** Opening EXERCISE DATA block **

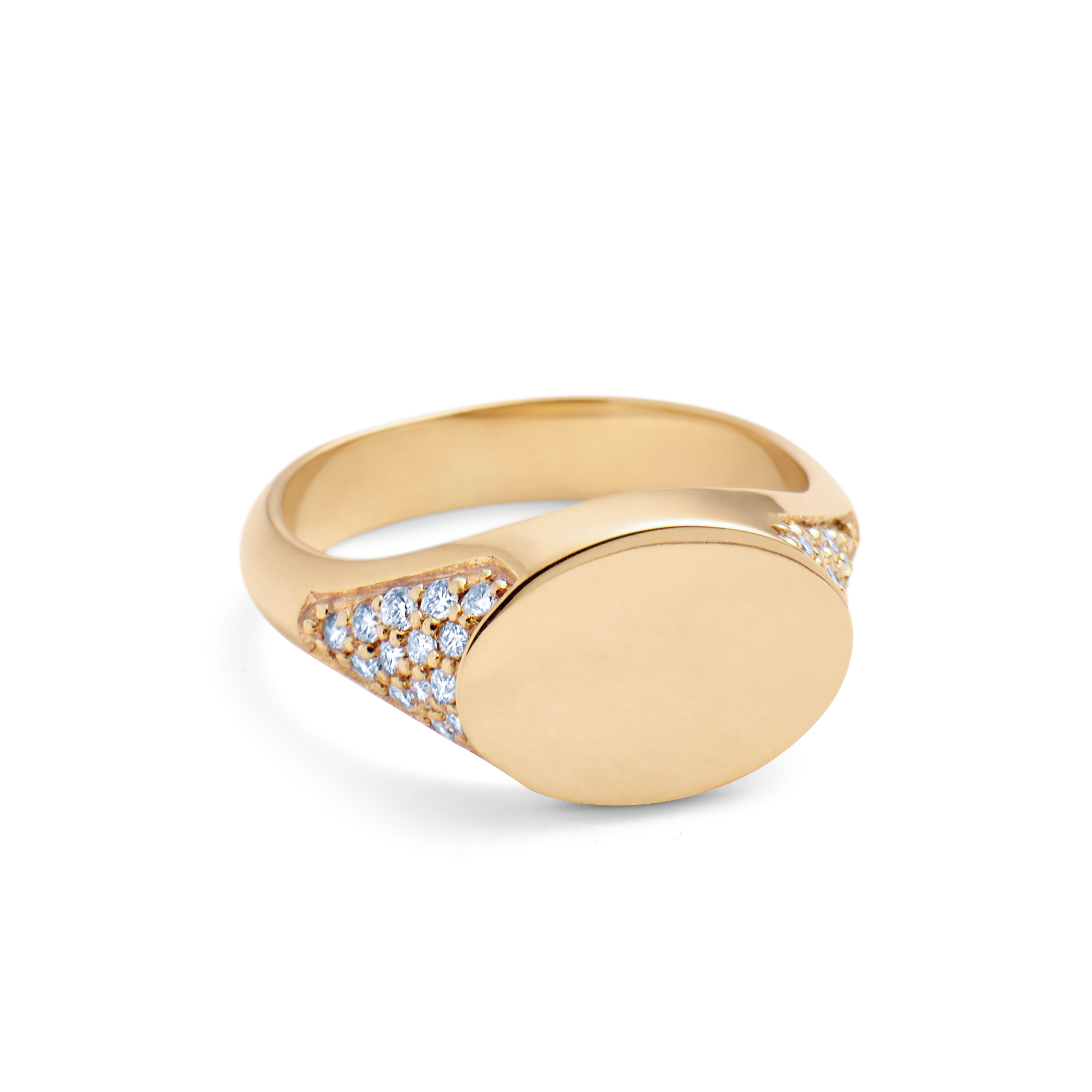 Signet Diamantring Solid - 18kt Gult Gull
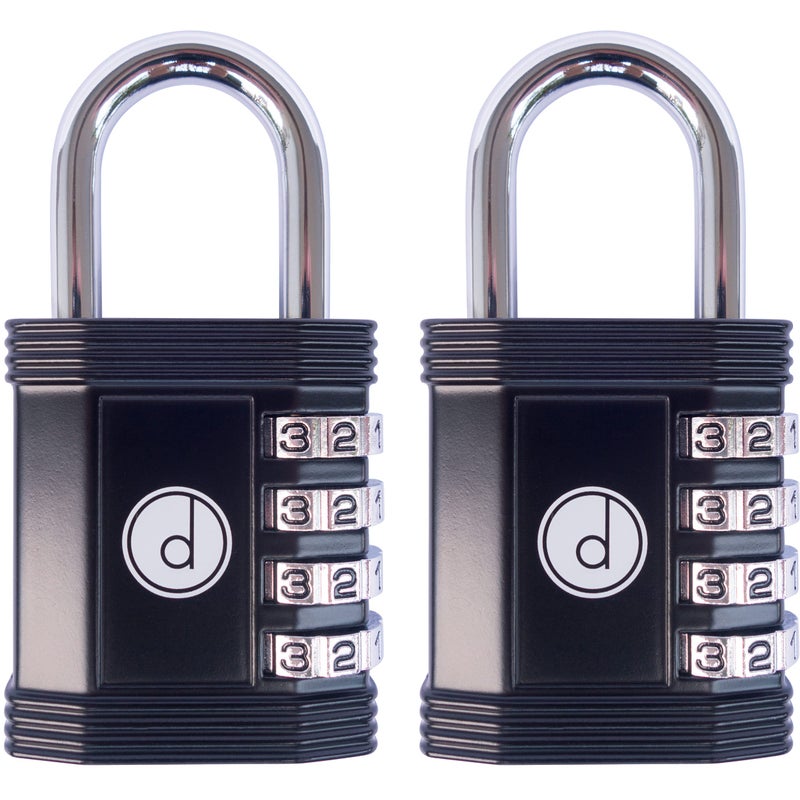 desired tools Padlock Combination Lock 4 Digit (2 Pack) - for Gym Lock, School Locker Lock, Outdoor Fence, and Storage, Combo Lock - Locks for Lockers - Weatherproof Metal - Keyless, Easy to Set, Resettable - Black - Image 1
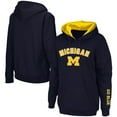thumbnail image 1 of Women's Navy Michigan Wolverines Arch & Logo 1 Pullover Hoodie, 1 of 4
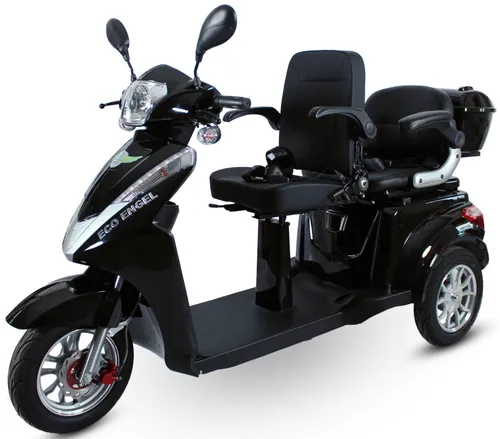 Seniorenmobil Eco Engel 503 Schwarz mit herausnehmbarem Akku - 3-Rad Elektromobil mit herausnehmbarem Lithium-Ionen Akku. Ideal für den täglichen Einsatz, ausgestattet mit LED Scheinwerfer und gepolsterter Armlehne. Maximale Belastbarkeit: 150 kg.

** Closing EXERCISE DATA block **

**TASK STATEMENT**
With every picture left out, print exactly the lines from the one containing "thumbnail image 1" through the final line of the material above.

**THE ANSWER**
thumbnail image 1 of Women's Navy Michigan Wolverines Arch & Logo 1 Pullover Hoodie, 1 of 4
 Seniorenmobil Eco Engel 503 Schwarz mit herausnehmbarem Akku - 3-Rad Elektromobil mit herausnehmbarem Lithium-Ionen Akku. Ideal für den täglichen Einsatz, ausgestattet mit LED Scheinwerfer und gepolsterter Armlehne. Maximale Belastbarkeit: 150 kg.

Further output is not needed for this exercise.